As in the rest of the world, data suggests that cities have been the key engines driving economic activity and growth in India over the past few decades. The largest urban agglomerations have been a big driver of India’s consumer markets, and offer more job opportunities compared to smaller towns and villages.

Yet, India’s largest cities are today faced with multiple crises. Some are choking with bad air, others have choked transportation networks, and still others have broken real estate markets that make housing unaffordable for their residents. Left unaddressed, these crises threaten the competitiveness of these cities, and of the Indian economy as a whole.

The multiple crises which differ in magnitude across the major cities also make it difficult to compare the ease of living across cities. If one city has worse air, another has worse traffic. To make sense of different aspects of city life across six of India’s largest urban agglomerations — Delhi, Mumbai, Chennai, Hyderabad, Kolkata and Bengaluru — Mint examined different facets of city life across these cities over the past few weeks by bringing together data from a variety of public sources. In this final and concluding part of this data journalism series, we have combined all the data to create a composite livability index for these six cities.

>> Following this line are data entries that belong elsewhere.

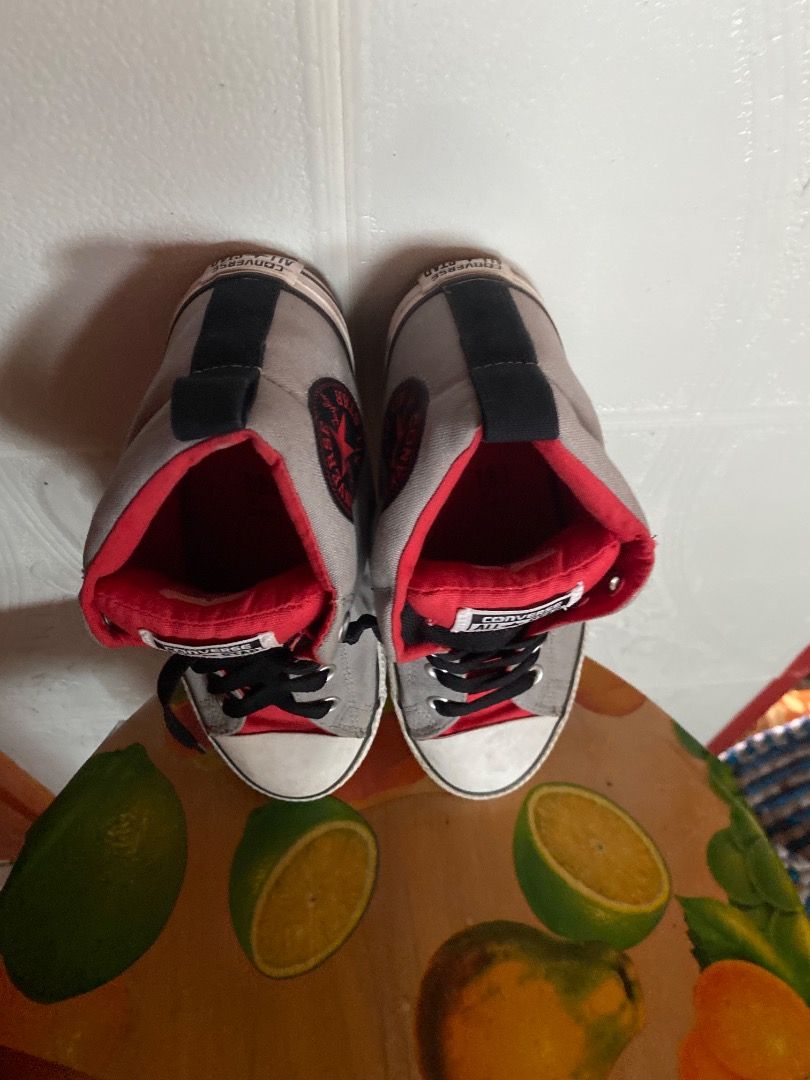 ORIGINAL CONVERSE (Category: Sneakers) located in Solano. Submitted by exellent_vex (Listing ID 1460277484, Image 3). Description: Preloved shoes, like new pa Meet up solano or deliver nearby areas!.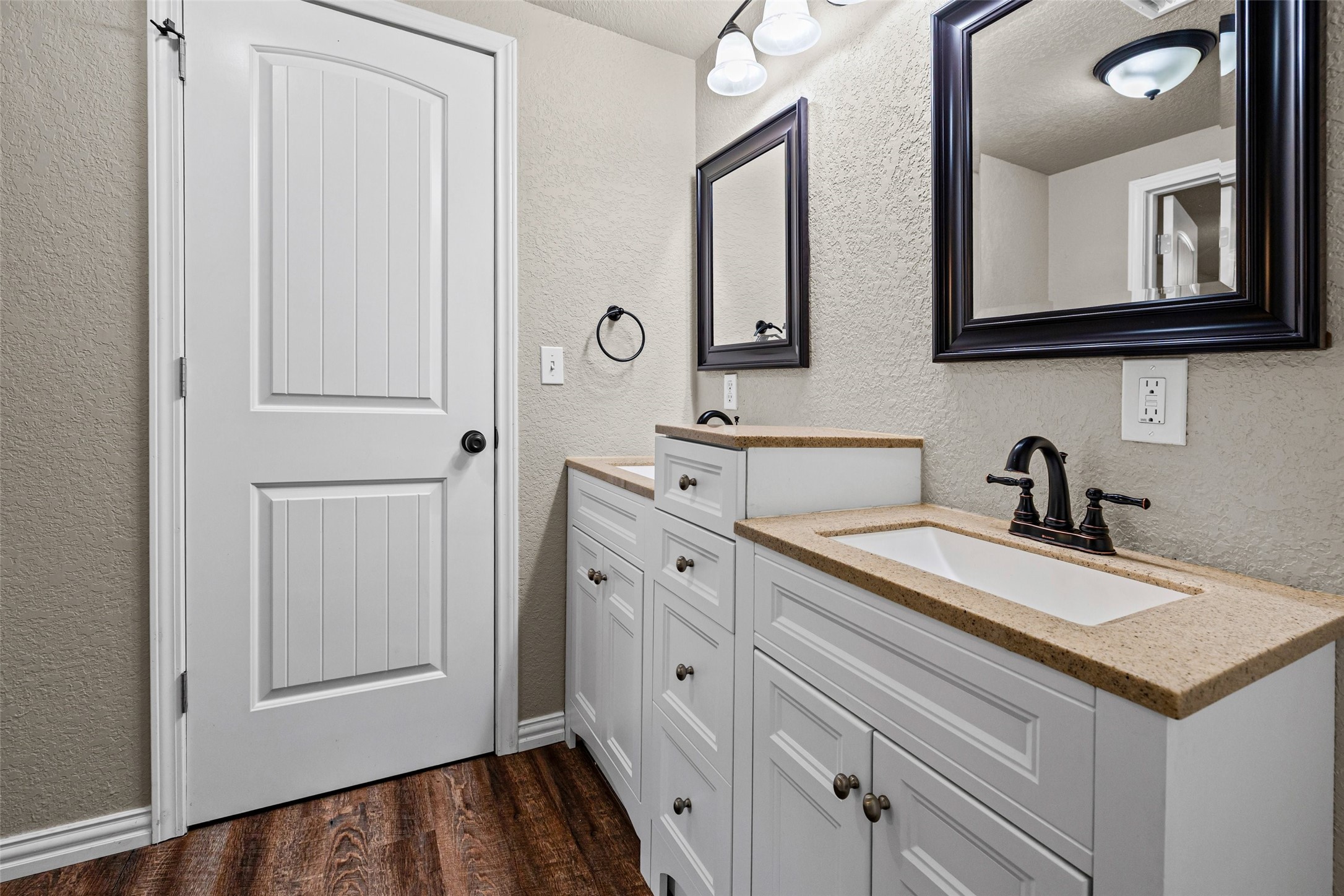 801 W Park Avenue Weatherford TX 76086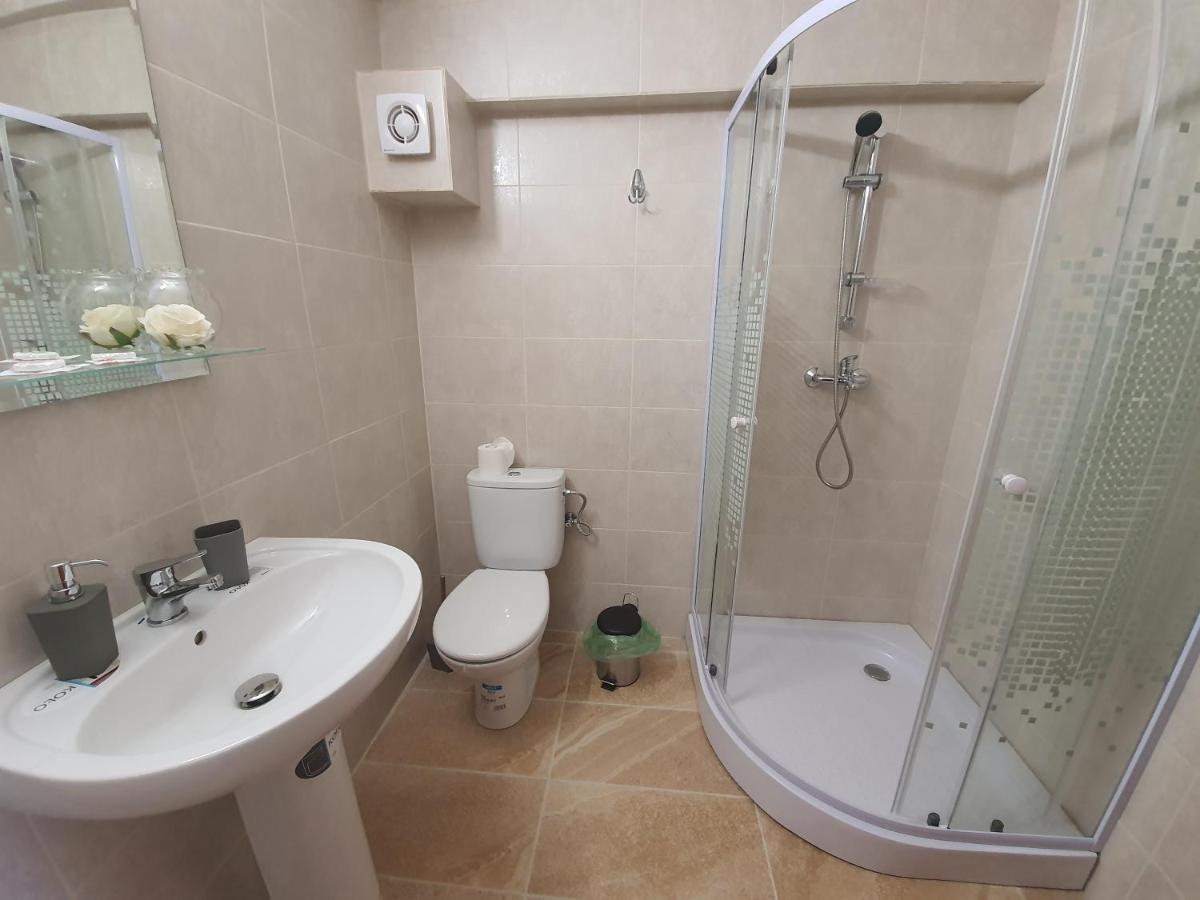 Bon Ton Residence Drobeta Turnu Severin Buitenkant foto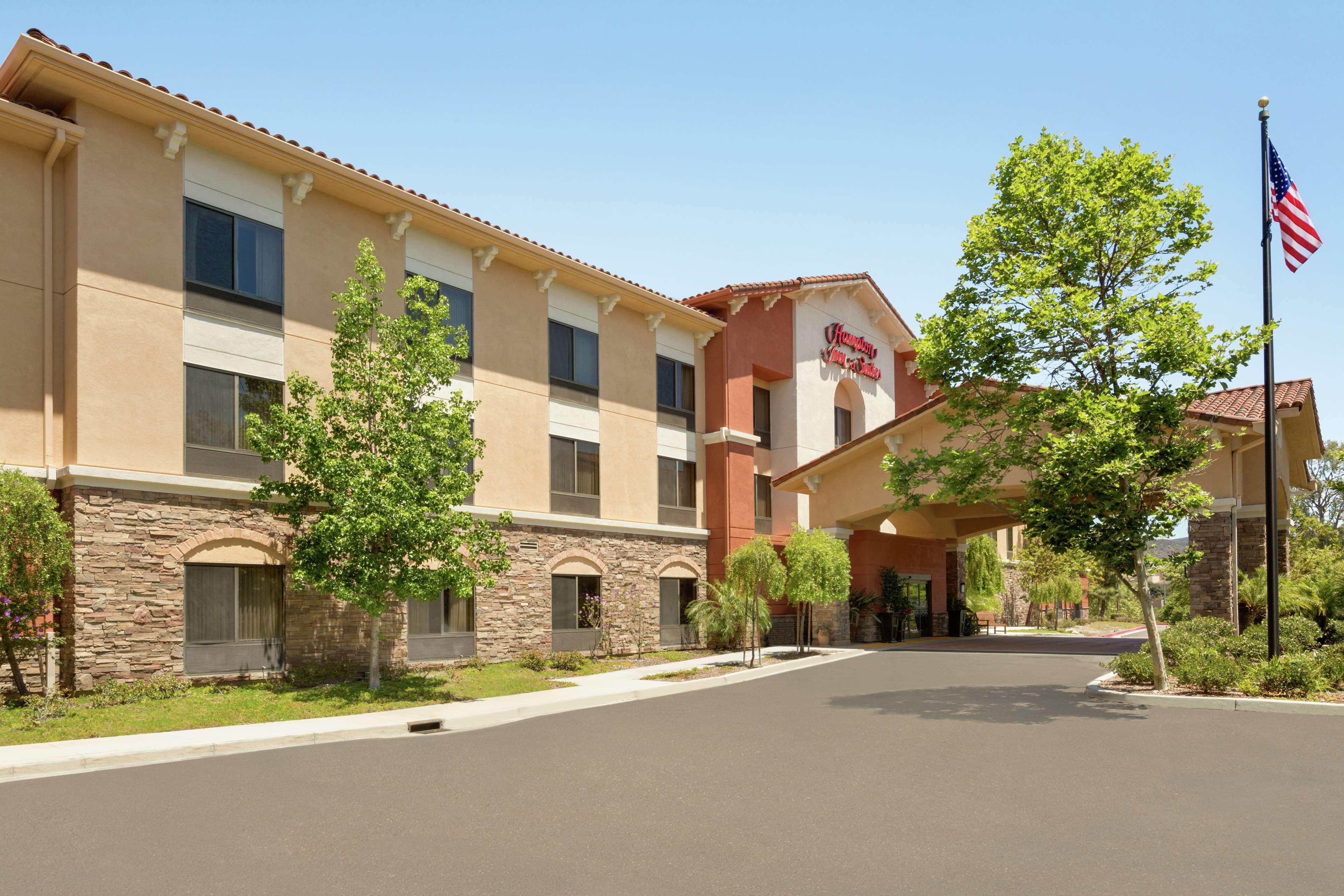 Hampton & Hotel 3*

The Mint Livability Index shows that the southern metros (Hyderabad, Bengaluru, and Chennai) are much more livable than the rest (Delhi, Mumbai, Kolkata).

Southern metros more livable compared to rest

Hyderabad scores highly on account of high commute speeds, its attractiveness to migrants, low rents, and high access to social infrastructure. Bengaluru comes in at second due to its low levels of caste segregation, vibrant dineout scene, high greenery per capita, and cleaner air.

For the non-southern metros: Delhi, Mumbai and Kolkata, while each of them do well on some indicators such as public transport (Delhi), green spaces (Delhi, Kolkata), low pollution levels (Mumbai, Kolkata), their overall score is brought down by their dismal performance on key indicators. Kolkata suffers from low commute speeds, high levels of caste segregation, unattractiveness to migrants. Delhi fares poorly on pollution levels, attractiveness to migrants, and municipal finances. For Mumbai, it is a combination of high rents, low commute speeds and a lack of green spaces that work against its favour.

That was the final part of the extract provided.